Ed è in tale conto che, un mese dopo la perquisizione, veniva accreditato un bonifico di 300 mila euro da parte di una ditta (la Cedelt) che più di una volta gli aveva affidato lavori in subappalto. Il giorno dopo le due figlie aprivano due conti correnti presso la stessa banca.
E l’indomani, Giovanni Filardo prelevava dal suo conto 200 mila euro e li versava sui conti delle figlie (100 mila euro ciascuno) che, un mese dopo, acquistavano una villetta da 80 mila euro (valore dichiarato) a Selinunte. Insomma il conto del padre, alla fine del 2007 rimaneva con soli 10 mila euro.
Per quanto riguarda le imprese, gli accertamenti del GICO (il Gruppo d’investigazione sulla criminalità organizzata) avevano rilevato, nel novembre del 2007, un aumento di captale della Filardo Giovanni da 10 mila euro ad 84.400 euro. Lui 75.400 euro e la moglie 9 mila.
Il mese successivo, con un contratto di donazione, il capitale sociale veniva ripartito in modo completamente diverso: lui poco più di 4 mila euro e la moglie 80 mila euro.
Il 15 marzo del 2010 scattava l’operazione Golem 2 ed il Filardo veniva arrestato. Già il giorno dopo, la figlia Floriana veniva nominata amministratore unico della società, mentre il 14 settembre dello stesso anno, la società cambia nome da Filardo Giovanni srl a BF Costruzioni srl e qualche giorno dopo veniva programmato il trasferimento delle sue 4 mila euro di quote residue alla moglie.
Il Gup di Palermo però non ha ravvisato il reato di intestazione fittizia e, con la sentenza di rito abbreviato, ha assolto l’intera famiglia (lui compreso) perché il fatto non sussiste.

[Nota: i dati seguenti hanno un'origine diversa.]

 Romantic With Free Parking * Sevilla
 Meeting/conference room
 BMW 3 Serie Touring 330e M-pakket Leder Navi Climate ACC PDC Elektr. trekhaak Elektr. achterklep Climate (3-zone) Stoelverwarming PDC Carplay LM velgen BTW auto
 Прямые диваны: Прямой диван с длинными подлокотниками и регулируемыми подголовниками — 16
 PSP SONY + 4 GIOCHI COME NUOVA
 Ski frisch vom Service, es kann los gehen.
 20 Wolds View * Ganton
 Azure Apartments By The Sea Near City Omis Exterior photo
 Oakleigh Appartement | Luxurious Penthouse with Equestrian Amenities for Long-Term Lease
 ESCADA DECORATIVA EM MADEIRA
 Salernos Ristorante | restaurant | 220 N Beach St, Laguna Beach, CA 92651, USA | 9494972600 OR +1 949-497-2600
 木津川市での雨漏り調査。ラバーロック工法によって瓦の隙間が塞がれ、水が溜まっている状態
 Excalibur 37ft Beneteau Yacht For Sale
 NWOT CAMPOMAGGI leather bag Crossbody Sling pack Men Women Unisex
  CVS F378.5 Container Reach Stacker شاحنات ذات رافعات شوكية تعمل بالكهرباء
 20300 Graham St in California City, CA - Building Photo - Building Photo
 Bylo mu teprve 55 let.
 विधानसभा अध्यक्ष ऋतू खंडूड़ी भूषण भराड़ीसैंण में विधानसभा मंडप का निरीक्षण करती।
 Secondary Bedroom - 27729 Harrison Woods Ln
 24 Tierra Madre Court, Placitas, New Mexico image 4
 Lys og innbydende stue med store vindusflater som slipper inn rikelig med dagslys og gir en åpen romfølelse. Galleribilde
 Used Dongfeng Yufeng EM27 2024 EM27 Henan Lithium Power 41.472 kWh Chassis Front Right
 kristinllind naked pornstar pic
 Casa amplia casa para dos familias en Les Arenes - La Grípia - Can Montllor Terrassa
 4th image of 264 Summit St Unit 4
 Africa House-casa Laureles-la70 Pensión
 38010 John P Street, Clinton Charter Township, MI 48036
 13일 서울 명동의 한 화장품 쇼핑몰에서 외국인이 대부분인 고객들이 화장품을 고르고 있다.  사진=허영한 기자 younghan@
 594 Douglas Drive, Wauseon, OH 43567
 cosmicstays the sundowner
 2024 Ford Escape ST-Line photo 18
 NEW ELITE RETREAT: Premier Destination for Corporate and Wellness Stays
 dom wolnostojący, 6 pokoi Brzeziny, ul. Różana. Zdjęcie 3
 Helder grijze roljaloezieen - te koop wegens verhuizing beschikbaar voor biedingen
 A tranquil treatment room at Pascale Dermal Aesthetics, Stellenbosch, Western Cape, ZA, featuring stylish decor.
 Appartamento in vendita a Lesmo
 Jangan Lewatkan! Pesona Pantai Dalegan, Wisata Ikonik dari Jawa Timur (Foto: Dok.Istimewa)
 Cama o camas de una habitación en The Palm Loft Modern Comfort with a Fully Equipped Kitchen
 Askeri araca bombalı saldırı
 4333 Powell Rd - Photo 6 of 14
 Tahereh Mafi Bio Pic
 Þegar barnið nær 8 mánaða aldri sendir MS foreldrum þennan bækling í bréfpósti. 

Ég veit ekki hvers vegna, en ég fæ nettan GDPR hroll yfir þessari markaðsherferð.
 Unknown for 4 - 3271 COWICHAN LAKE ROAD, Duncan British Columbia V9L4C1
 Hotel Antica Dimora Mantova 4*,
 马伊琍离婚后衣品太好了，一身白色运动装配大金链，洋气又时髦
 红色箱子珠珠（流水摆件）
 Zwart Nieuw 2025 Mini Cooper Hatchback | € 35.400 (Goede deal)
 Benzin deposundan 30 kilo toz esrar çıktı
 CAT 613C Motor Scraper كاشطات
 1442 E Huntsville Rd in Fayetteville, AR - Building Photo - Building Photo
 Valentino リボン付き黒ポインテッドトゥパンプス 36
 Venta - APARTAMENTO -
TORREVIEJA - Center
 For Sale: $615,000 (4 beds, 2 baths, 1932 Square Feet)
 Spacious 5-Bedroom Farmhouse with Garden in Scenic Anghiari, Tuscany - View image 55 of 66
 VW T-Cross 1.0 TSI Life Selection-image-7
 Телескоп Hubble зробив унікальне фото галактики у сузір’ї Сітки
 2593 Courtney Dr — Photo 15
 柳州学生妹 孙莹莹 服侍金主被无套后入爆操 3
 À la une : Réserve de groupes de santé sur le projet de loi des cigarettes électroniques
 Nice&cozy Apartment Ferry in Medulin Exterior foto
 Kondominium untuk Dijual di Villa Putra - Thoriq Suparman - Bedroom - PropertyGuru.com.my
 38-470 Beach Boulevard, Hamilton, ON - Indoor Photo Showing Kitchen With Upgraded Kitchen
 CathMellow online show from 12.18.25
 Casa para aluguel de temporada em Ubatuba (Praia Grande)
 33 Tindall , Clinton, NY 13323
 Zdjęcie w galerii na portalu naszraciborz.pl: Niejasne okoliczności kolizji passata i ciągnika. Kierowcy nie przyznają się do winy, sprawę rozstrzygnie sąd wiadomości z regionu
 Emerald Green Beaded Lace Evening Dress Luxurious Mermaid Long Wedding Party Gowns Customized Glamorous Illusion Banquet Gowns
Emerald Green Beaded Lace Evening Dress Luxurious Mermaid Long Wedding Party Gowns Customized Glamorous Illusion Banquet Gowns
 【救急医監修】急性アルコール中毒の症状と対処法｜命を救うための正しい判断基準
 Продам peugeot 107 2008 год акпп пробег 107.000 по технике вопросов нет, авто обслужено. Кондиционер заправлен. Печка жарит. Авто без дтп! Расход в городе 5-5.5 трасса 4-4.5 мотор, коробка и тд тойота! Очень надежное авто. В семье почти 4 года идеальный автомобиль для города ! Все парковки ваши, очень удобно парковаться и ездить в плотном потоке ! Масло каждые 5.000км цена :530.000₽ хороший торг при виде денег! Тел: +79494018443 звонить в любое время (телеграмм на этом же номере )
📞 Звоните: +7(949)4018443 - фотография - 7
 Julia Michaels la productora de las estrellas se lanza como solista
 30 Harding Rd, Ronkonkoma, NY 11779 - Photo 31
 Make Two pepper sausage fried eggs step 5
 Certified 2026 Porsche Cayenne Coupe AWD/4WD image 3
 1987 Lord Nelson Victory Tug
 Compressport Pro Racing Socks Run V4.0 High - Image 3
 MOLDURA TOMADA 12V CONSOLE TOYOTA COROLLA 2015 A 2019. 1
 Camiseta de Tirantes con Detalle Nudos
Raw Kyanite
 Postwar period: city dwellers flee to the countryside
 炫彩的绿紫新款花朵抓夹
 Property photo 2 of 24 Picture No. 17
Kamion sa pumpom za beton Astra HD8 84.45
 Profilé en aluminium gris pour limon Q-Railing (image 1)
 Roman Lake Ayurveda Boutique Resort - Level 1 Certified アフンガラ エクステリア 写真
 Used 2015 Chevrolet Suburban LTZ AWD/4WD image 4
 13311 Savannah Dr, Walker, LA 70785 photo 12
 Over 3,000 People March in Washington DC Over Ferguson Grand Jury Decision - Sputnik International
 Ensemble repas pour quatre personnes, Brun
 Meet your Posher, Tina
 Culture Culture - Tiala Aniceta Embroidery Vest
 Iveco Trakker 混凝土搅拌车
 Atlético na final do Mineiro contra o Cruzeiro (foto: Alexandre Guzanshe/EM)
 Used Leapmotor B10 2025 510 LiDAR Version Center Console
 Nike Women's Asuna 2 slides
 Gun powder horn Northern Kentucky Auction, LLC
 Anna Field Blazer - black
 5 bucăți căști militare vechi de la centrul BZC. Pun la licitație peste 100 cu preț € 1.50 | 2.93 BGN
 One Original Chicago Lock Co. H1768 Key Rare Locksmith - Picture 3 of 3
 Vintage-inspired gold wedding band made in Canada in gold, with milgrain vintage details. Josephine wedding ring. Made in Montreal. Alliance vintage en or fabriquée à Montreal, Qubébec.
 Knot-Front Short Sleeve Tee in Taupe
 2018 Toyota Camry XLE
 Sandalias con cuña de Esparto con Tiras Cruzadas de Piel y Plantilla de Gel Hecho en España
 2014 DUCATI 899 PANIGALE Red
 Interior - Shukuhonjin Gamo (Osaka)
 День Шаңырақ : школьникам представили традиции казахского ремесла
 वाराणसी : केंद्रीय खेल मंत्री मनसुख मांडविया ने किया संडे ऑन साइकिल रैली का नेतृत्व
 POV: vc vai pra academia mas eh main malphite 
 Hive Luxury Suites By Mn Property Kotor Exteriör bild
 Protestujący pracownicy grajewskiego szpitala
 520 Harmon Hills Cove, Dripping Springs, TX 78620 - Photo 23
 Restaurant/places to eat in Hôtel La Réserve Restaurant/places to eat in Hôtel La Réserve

Quello che colpisce, al di là delle rilevanze penali e delle sentenze, è l’antimafia circoscritta alla forma. E’ proprio quello della SOA, infatti, che consiglia ai Filardo cosa fare per poter continuare a lavorare nell’ambito delle costruzioni (scavi), in modo da non esserne estromessi a causa dell’inopportuna titolarità dell’impresa. Dall’altra parte i sindaci si attengono scrupolosamente alle carte. E se le carte sono a posto, gli appalti pubblici si possono vincere. E’ la legalità, il rispetto delle regole.
In questo modo, a ricadere sui figli non sono le colpe dei padri, ma soltanto le loro aziende. Fin quando però non vengono confiscate.